Dig Baton Rouge

Spirit Services: Louisiana paranormal society sees work as community service

An airplane pilot.
A supervisor at a savings institution.
A police officer.
A retiree.
A spirit?

All of these people have one thing in common: The Ghosts of Louisiana Paranormal Society. A group with a passion for investigating the paranormal, GOLAPS has had members from a host of careers, but they all have a common interest—spirits.

Brent Soileau started the GOLAPS in 2010, but it wasn’t just with the intention of investigating public places. While the group has done everything from investigating notoriously haunted locations like the Myrtles Plantation and the Guaranty building, GOLAPS has also advised for accuracy on a local movie set.
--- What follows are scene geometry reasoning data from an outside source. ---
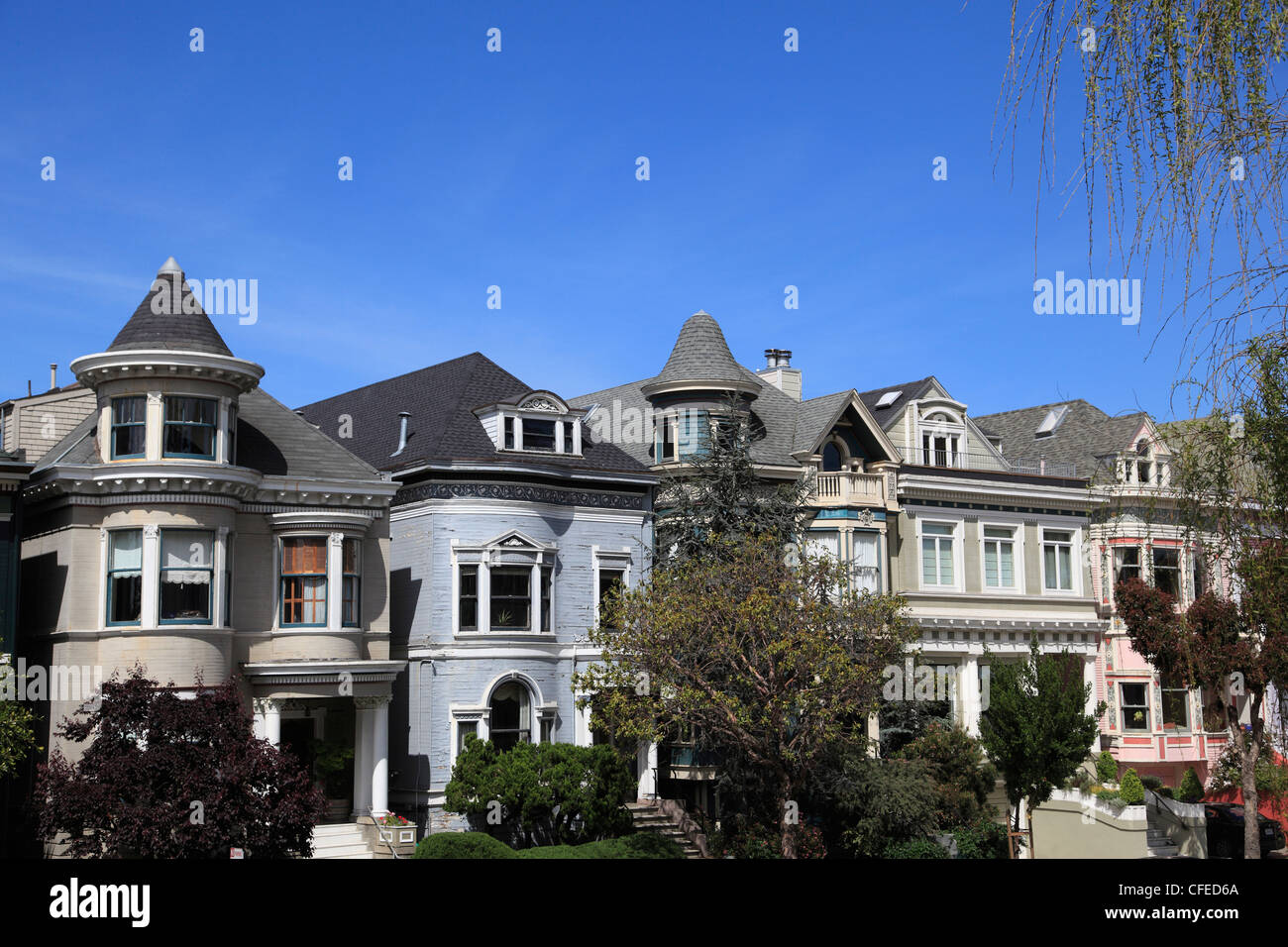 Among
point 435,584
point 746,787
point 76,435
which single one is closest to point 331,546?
point 435,584

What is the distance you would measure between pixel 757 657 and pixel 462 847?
7.39 m

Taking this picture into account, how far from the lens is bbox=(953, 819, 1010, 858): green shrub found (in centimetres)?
3409

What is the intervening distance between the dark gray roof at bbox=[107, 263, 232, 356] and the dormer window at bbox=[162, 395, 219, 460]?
1.25 m

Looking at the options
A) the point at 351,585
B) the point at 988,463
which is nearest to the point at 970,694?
the point at 988,463

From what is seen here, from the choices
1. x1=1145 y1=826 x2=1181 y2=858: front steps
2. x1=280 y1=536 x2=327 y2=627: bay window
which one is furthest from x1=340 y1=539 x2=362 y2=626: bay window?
x1=1145 y1=826 x2=1181 y2=858: front steps

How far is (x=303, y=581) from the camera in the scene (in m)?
33.0

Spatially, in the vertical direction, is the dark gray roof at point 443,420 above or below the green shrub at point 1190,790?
above

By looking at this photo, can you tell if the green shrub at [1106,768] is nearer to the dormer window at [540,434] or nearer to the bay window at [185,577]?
the dormer window at [540,434]

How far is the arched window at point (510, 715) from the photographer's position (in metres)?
35.8

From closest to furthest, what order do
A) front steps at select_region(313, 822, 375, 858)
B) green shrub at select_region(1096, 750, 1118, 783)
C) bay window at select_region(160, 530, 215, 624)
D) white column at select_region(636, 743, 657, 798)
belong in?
bay window at select_region(160, 530, 215, 624) → front steps at select_region(313, 822, 375, 858) → white column at select_region(636, 743, 657, 798) → green shrub at select_region(1096, 750, 1118, 783)

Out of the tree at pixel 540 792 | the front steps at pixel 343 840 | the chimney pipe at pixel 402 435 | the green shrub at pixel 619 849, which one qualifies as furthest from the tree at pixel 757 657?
the chimney pipe at pixel 402 435

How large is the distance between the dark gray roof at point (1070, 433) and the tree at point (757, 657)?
19185 mm

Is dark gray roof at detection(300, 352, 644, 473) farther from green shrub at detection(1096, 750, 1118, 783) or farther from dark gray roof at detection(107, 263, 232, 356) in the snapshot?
green shrub at detection(1096, 750, 1118, 783)
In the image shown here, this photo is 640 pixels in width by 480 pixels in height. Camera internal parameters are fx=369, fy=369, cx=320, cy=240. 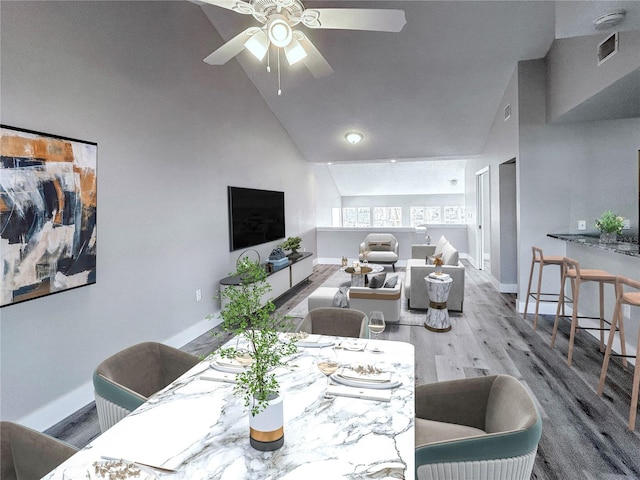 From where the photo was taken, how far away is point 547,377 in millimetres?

But most of the team’s work, about 90 percent of it, according to Soileau, is in normal neighborhoods around Louisiana.

“They always say, ‘I hope you won’t think I’m crazy,’” Soileau said.

GOLAPS members see their work as a form of community service, helping people feel safe in their own home by ridding the residences of evil spirits. Many people they visit never had any experience with dealing with the paranormal, so Soileau sees it as GOLAPS’s duty to help them. The group doesn’t charge for its services.

“We get the spirits out if that’s what the homeowner wants,” Soileau said.

Unlike the ghost hunting TV shows popular during the Halloween season, GOLAPS doesn’t use any form of technology to rid houses of spirits. Instead, the group uses faith-based methods.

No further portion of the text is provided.